He knows the value of long-term projects

He knows the value of long-term projects
Mr Kelvin Tan (left) helped villagers in Nepal in 2012 to build a system to collect and recycle rainwater to use for cleaning. Last year, he improved the system so that the water was drinkable.

SINGAPORE - Retail associate Kelvin Tan, 22, got his first taste of volunteering overseas when he refurbished a primary school classroom in Vietnam in 2010.

The experience left him with a deep sense of gratitude for the educational facilities he once enjoyed in Singapore and a hunger to do more. "Building classrooms was good, but I wasn't satisfied and knew I could contribute in more significant ways," he said.

The next year, when he headed to Nepal, he not only constructed a classroom but also conducted science lessons and started a rainwater collection system for villagers to recycle water.

Last year, he returned to Nepal to improve the rainwater collection system.

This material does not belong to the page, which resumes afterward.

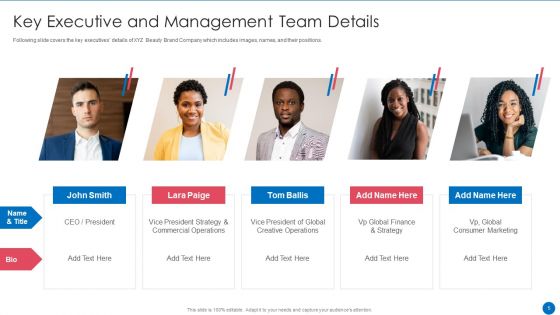 Beauty Care Firm Pitch Deck Ppt PowerPoint Presentation Complete Deck With Slides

He had found a way to filter and disinfect the collected rainwater so that the villagers could drink it instead of just use it to clean toilets.

He said: "It taught me the value of having longer-term community projects that are sustainable for the locals to continue instead of ad-hoc, touch-and-go ones."

For this reason, he is glad he has been nominated for the new Youth Corps Singapore (YCS), which will give young people the opportunity to volunteer for a longer period and with greater impact.

Mr Tan intends to take no-pay leave to join the programme. He said: "I am excited, simply because I have seen myself grow through these experiences and I want to pass it on."